Written by TBR Employee of the Year 2017 Benjamin Glatz
A short time ago my feet were sinking into the coarse black sand of a remote Icelandic beach. My heart began to sink with immense sadness as I noticed some of the larger objects weren’t the expected rocks or shells that one might find on a beach, rather they were chunks of plastic of all shapes, sizes and colors. I took to picking up as much trash as I could hike back to the car. A tear fell from my eye as I left the scene far from pristine. A proper cleanup would have required a week’s work from a solo picker, which I didn’t have time for on my one day off work. I did what I could; yet it didn’t feel like it would suffice for mother earth. I spent the next few weeks reflecting upon that moment with the same heart wrenching sadness that I initially felt. To top it off, my carbon footprint to live and work in Iceland was immense. I had traveled halfway across the globe in a variety of planes, and automobiles to guide at a helicopter skiing operation on the Troll Peninsula. Talk about a hit to my moral conscious as an “environmentalist”. The realism of the situation intensified with a few social media posts that went up over the following weeks with regards to trash on Everest and the Great Pacific Garbage Patch.
The question that resonated in my head was a culmination of these guilt ridden emotions. “Is there anything I can do?” The question circulated through my thoughts for some time in a most pessimistic manner until a recent talk with Patrick Collins, Owner of Teton Backcountry Rentals, shed light on an optimistic strategy.
Patrick and I began to talk about organizations like POW, Outdoor Alliance, SCA, and the Access Fund that have a hand in environmental preservation and conservation. We talked about their initiatives along with the successes and failures associated with them. We talked about current environmental policy in America and the overall degradation of laws that protect our lands and our waterways on a national level. I can’t lie and say that this part of the conversation was all bliss, but reality hurts, and it needs to hurt for there to be change. We continued further down the rabbit hole until our conversation made its way to Jackson, WY.

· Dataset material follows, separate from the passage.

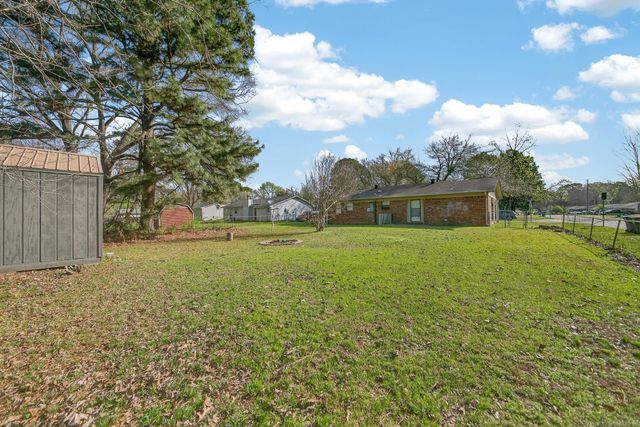 11 Meadowlark Drive, Cabot, AR 72023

We ultimately decided that the most important conversation lie in our backyards. The local level presents the most opportunity to change with the least resistance from political and social structures. We began to talk about the great work being done with a N.I.M.B.Y. mindset by the Jackson Hole Conservation Alliance to keep Snow King Mountain truly local, Incredible nature mapping projects by the Jackson Hole Wildlife Foundation in an effort to support the health of our local flora and fauna, and Friends of Pathways extraordinary efforts to connect all of Jackson Hole via human powered trail systems.
It isn’t difficult to get overly emotional with such a grim politics of the current environmental structure on the national level. But I think we can all agree that on a local level we want to preserve our environment for generations to come. So what about the fact that most of us drive cars that run on some form of fossil fuel, heat our houses, watch television, embrace the globalization of goods and technology, and happily eat berries out of their local growing season or buy our organic spinach in non recyclable plastic containers? I know… it’s a lot to digest on paper. So the question re-circulated when I asked Patrick, “ What can we do?” The answer isn’t simple, but it starts with offsetting our harm to the environment.
We got to talking and decided to start an in house think tank dedicated to supporting the local environment while enhancing businesses in the area. We started with a simple structure. What gear do we rent out and where do people use it? A couple of the most rented items are binoculars and spotting scopes. Where do these items get used? Most people are using these along the Antelope Flats road. Most of our customers take to the sagebrush flats in search of the hoot of a barn owl, the magnificently meandering Red Tail Hawk in search of a meal, the simplistic soar of the American Kestrel, the conversations of the chirping Mountain Blue Bird, and the grumpy old Grouse protecting their nests.
Most of TBR’s clients drive up the road with their eyes fixed to the sky in search of the avian inhabitants. Going through the loop only to look down for the Bison, Moose, or occasional Fox. But with increased traffic to any area comes increased pollution. Most clients don’t look into the furrows of the sandy soil, or the folds of the blooming sagebrush to find looming micro trash that has an extremely negative impact on our local ecosystem. All of these pollutants eventually harm the ecosystem as birds create nests with micro trash that makes its way into their stomachs and wreaks havoc on their digestive tracts.
In doing his part for the community, Patrick decided to offer rental incentives for his employees, friends, and anyone willing to offer a helping hand. The hope was that with discounted rental incentives along with truly rewarding work, he could recruit a rag tag clean up crew for an area often overshadowed by the beauty of Grand Teton National Park.
Needless to say, the first annual TBR cleanup was an absolute success. Over forty pounds of trash from small wrappers to large plastic Rubbermaid tops and everything in between. Teton Backcountry Rentals has started with the first step to local awareness. What will you do?